::: GIVEN DATA :::

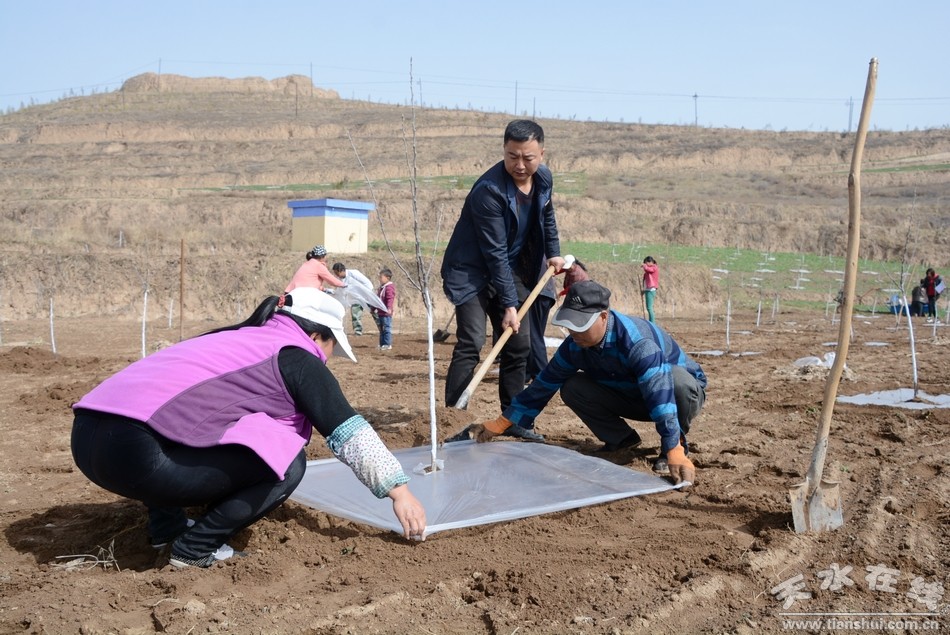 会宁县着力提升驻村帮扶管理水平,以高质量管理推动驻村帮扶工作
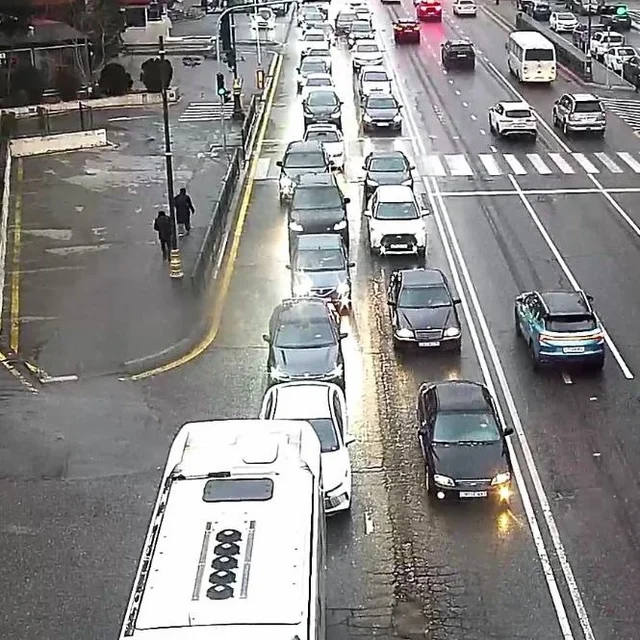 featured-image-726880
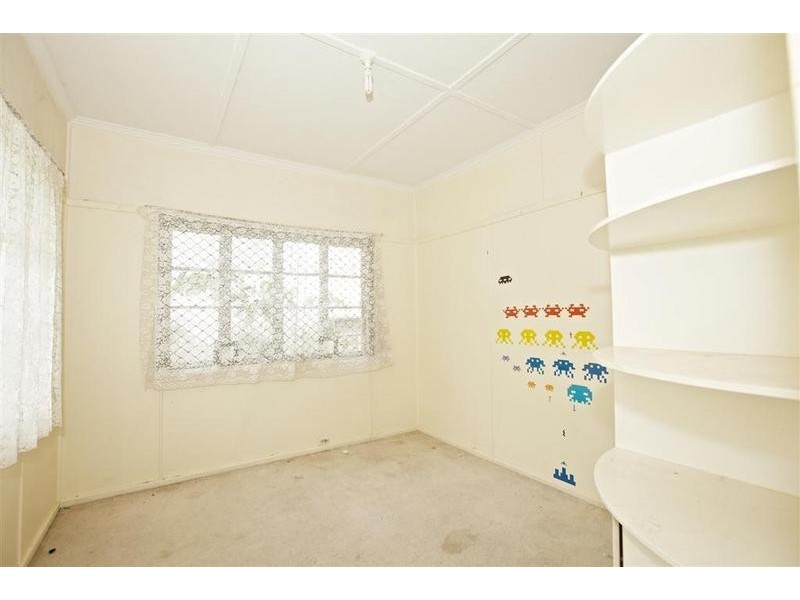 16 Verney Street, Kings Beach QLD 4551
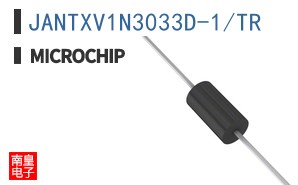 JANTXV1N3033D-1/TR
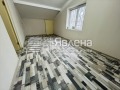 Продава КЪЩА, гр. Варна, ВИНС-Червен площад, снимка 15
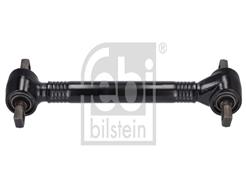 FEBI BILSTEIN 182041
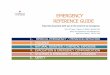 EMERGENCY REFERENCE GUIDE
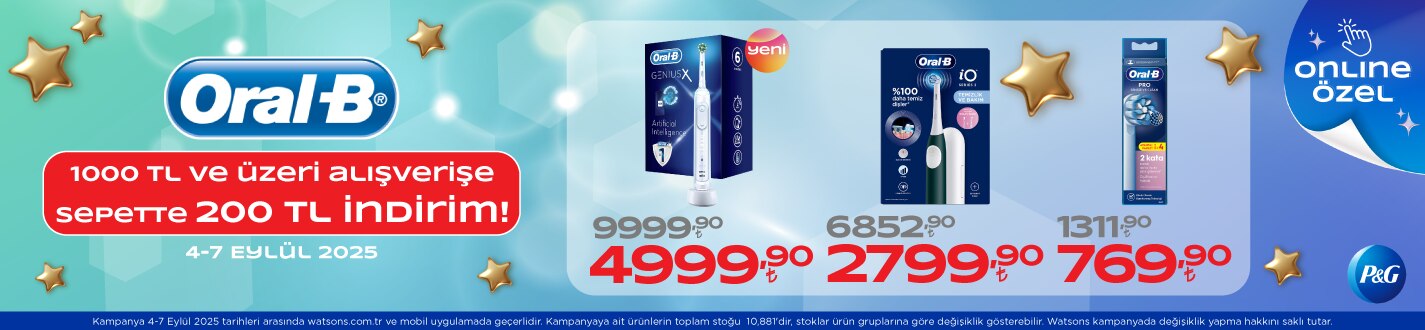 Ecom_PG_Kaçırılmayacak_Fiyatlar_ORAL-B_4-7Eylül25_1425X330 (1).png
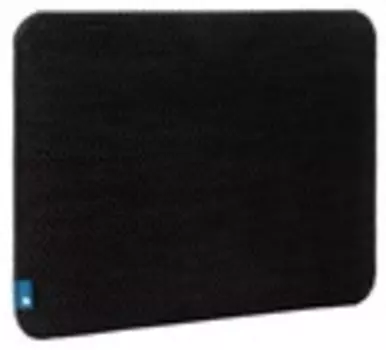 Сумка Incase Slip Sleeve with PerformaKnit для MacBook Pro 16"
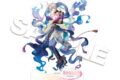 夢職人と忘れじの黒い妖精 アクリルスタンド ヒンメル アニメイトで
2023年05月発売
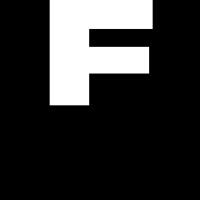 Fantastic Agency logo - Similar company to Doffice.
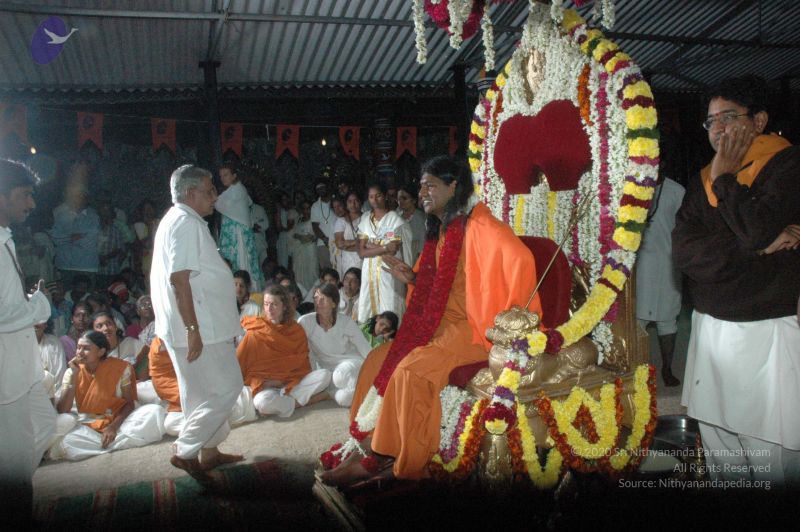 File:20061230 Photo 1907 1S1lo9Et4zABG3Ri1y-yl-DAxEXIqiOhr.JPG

:::
::: GIVEN DATA :::

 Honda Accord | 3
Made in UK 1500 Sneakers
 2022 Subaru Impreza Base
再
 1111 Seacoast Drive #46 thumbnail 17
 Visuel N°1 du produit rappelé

:::
::: GIVEN DATA :::

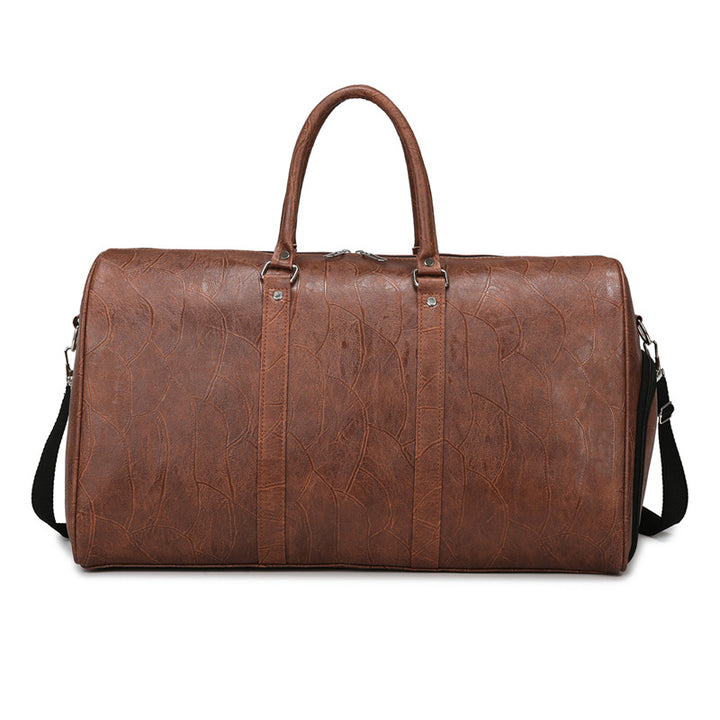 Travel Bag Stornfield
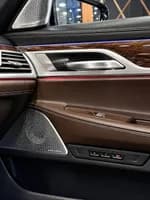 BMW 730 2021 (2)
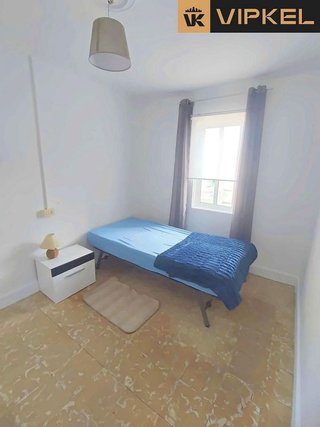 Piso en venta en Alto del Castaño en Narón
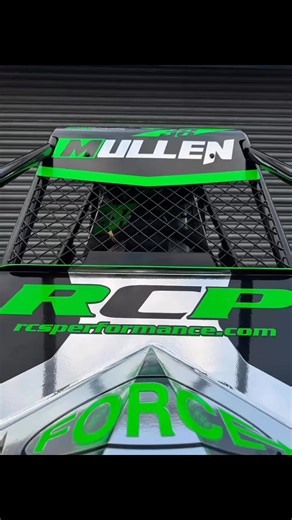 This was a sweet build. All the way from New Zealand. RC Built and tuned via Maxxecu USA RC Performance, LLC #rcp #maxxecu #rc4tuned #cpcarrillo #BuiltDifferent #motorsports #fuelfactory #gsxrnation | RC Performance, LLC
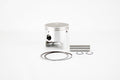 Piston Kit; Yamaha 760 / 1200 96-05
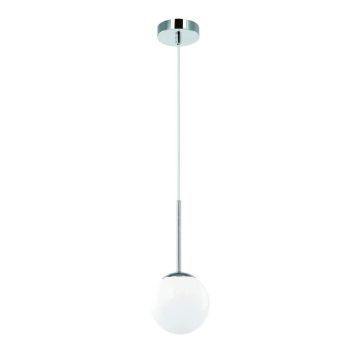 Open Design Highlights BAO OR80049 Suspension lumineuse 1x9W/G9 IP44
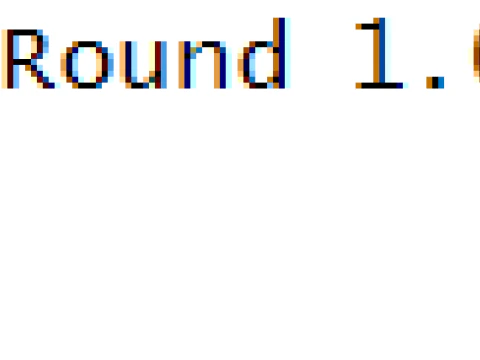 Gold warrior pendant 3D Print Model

:::

#### TASK TO COMPLETE:
Using the data above, copy exactly the lines from the one containing "Fantastic Agency logo" to the one containing "File:20061230 Photo 1907", inclusive. Exclude the pictures.

#### WRITTEN SOLUTION:
 Fantastic Agency logo - Similar company to Doffice.
 File:20061230 Photo 1907 1S1lo9Et4zABG3Ri1y-yl-DAxEXIqiOhr.JPG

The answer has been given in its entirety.